Wednesday, February 6, 2013

Drug Impurities Analysis by the Aviv Analytical 5975-SMB GC-MS with Cold EI

Aviv Amirav, School of Chemistry, Tel Aviv University and Director – Aviv Analytical 

Drugs are typically analyzed by LC-MS. When active pharmaceutical ingredients (API) are analyzed for the presence of impurities, the general requirements are that every impurity found should be at concentration below 0.1% of the API or it must be either cleaned or identified and toxicologically characterized which is a time consuming and expensive procedure. However, the ionization yields of Electrospray and/or APCI in LC-MS are highly non-uniform and compound dependent, and as a result when an impurity is found in a given LC-MS mass chromatogram its actual concentration is not known. Consequently, regardless of its actual concentration that can be well below 0.1% every impurity that is found must be isolated, fully identified, synthesized (or obtained) and serve for the provision of a calibration curve in order to measure the actual concentration of that small impurity peak. In addition, several types of impurities such as non-polar compounds are not properly ionized and are not detected by LC-MS. Thus, clearly drug impurity analysis represents an unmet analytical challenge.  

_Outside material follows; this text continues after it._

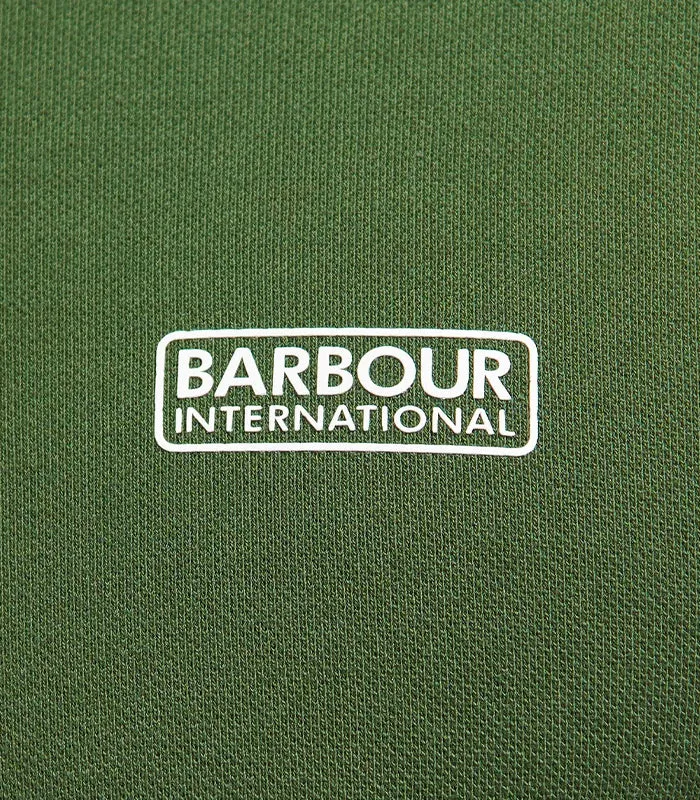 BARBOUR INTERNATIONAL ESSENTIAL POLO KOMBU GREEN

Alternatively, GC-MS with its standard electron ionization (EI) can be used and has, for volatile compounds, approximately uniform, semi-quantitative ionization yield. However, GC-MS with standard EI is compatible only with a limited range of thermally stable drugs and it provides useful molecular ions only for a portion of the analyzed compounds. Furthermore, ion source degradation and peak tailing severely erode the standard EI response uniformity for semi-volatile compounds. 

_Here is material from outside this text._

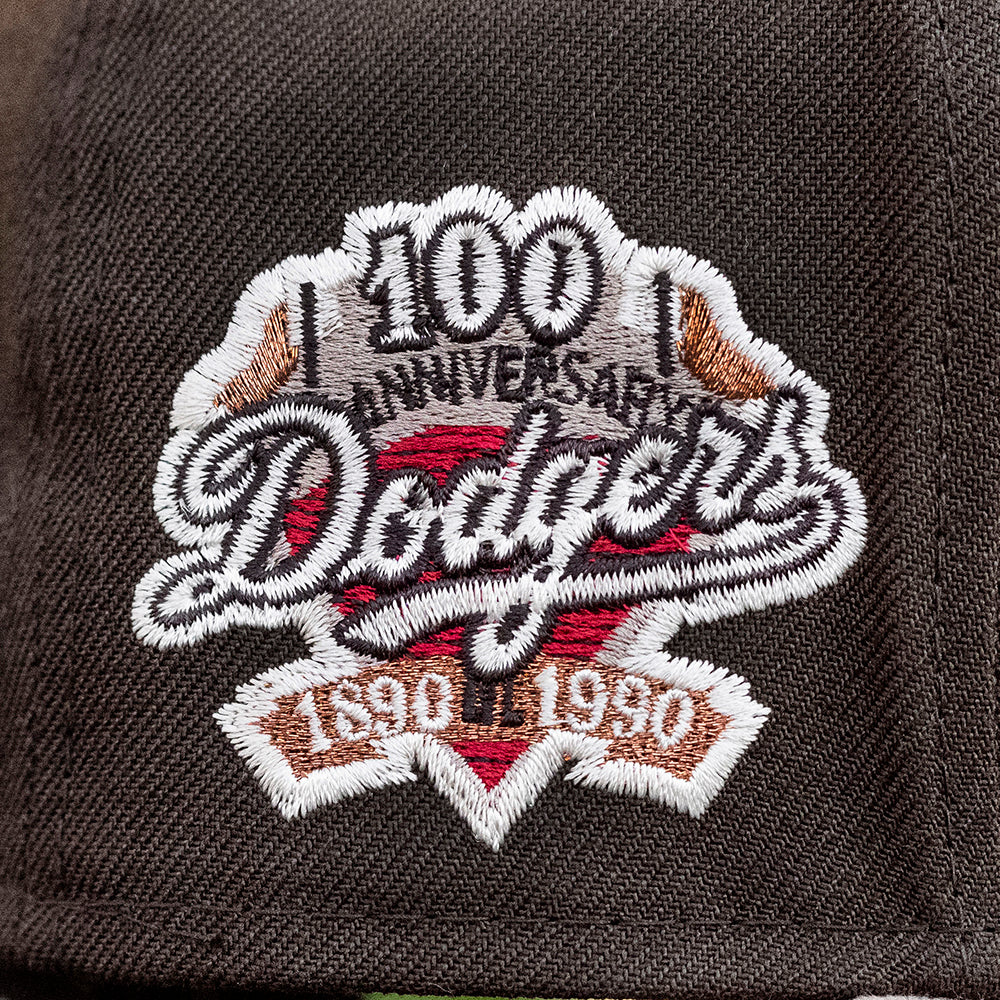 NEW ERA 59FIFTY MLB LOS ANGELES DODGERS 100TH ANNIVERSARY TWO TONE / SCARLET UV FITTED CAP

We used the Aviv Analytical 5975-SMB GC-MS with Cold EI for the analysis of drug impurities. Cold EI is the electron ionization of cold molecules in supersonic molecular beams (SMB). The technology of GC-MS with Cold EI is reviewed by A. Amirav, A. Gordin, M. Poliak, and A. B. Fialkov, J. Mass Spectrom., 43, 141-163. (2008). The later is available upon request. 

GC-MS with Cold EI as implemented with the Aviv Analytical 5975-SMB uniquely extends the range of drugs that are amenable for GC-MS analysis, including thermally labile drugs that are not compatible with standard GC-MS analysis. Furthermore, it is characterized by having uniform response to all compounds due to its contact-free fly-through ion source that eliminates any ion source peak tailing or losses. In addition, it provides trustworthy enhanced molecular ions that can be converted with the Tal-Aviv Molecule Identifier software into elemental formulae. Thus, the high sensitivity and uniform response of Cold EI uniquely enables the detection, identification and quantitation of low level impurities in drugs without lengthy calibration procedures. 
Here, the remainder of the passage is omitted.